OR WAIT null SECS
Letters to the Editor
"Because homeschooled children do not have access to the extra health and learning screening provided by schools and teachers, you must be vigilant in following your patients' health care and monitoring their socialization."
I hope pediatricians are monitoring the "socialization" of children institutionalized in schools! Given the daily reports of horrific bullying and sexual abuse by teachers, staff, and students, surely children institutionalized in government and private schools should be monitored as well.
By the way, I have noticed a distinct difference in my practice between homeschooled and institutionalized children. The homeschooled child looks at me directly, shows curiosity, asks questions, and answers my questions in full and complete sentences. The child who is institutionalized for his or her schooling has that 20-degree, off-centered, bored stare, and grudgingly answers my questions with grunts.
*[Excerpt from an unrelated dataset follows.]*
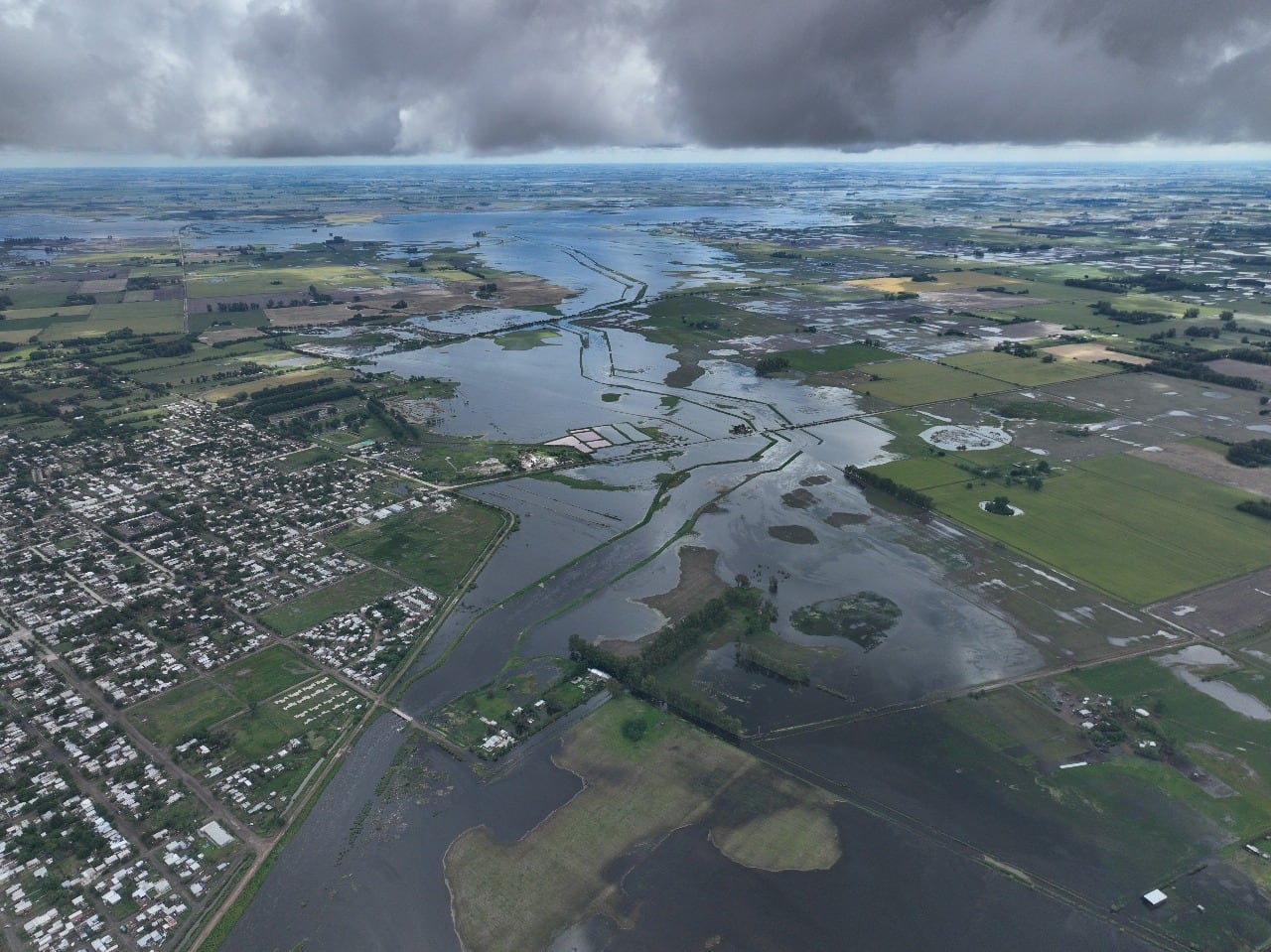 Buenos Aires: en el campo hay quejas porque faltaron obras para controlar las inundaciones 5 Imágenes de las inundaciones del partido de Bragado desde drone y avión (Sociedad Rural de Bragado)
Eileen Johnston, DDS, MAGDMidway, Utah
I just read the article "What you need to learn about homeschooling." Overall, it was well written and well researched. There is a faulty assumption woven throughout the entire article, though, suggesting that parents just aren't capable of meeting the needs of their children.
Many homeschooling families provide the same "safety nets" that public schools provide, and are therefore the first ones on the scene when there is a problem instead of having to be informed of concerns later on. If we can trust a teacher with a classful of students to identify concerns, why can't we trust parents who, as homeschoolers, are with their children the majority of the time and on watch for any developmental delays? As a rule, homeschooling parents seek counsel from other homeschooling families and health professionals when there is any question.
As a special needs/autism therapist, I have worked with countless children who were overlooked in the public school system because they were quiet and good natured. Many of the academic problems they encountered were ignored. In fact, many of these children were misdiagnosed even by physicians. It required the parents being their children's advocates for them to be heard by the physicians and the school district. Individualized education programs aimed low, assuming from the get-go that the children were capable of little. The benefits of homeschooling a child with special needs can be great indeed. While public schools are required to provide special education for their students, the wide variety of disabilities does not allow for individualized care.
As far as sex education goes, homeschooling families can make sure their children get questions answered that their public school counterparts are afraid to ask. The children are not trying to impress anyone in their class, giving an opportunity for broader and more thorough discussion. While they may not encourage certain aspects of "safe sex," they tend to be open to talking about everything and they often give an option that is not commonly offered in the public school. Most homeschooled students also enjoy a prolonged study of health and sex ed, instead of a few days or weeks in certain grades. Many homeschooling parents aren't afraid to talk to their children about delicate issues, leaving playground knowledge-generally "taught" to public school children by their well-meaning but misinformed peers-at a minimum.
To make such assumptions without making the same recommendations of extra precautions for public and private school students is unfair and irresponsible.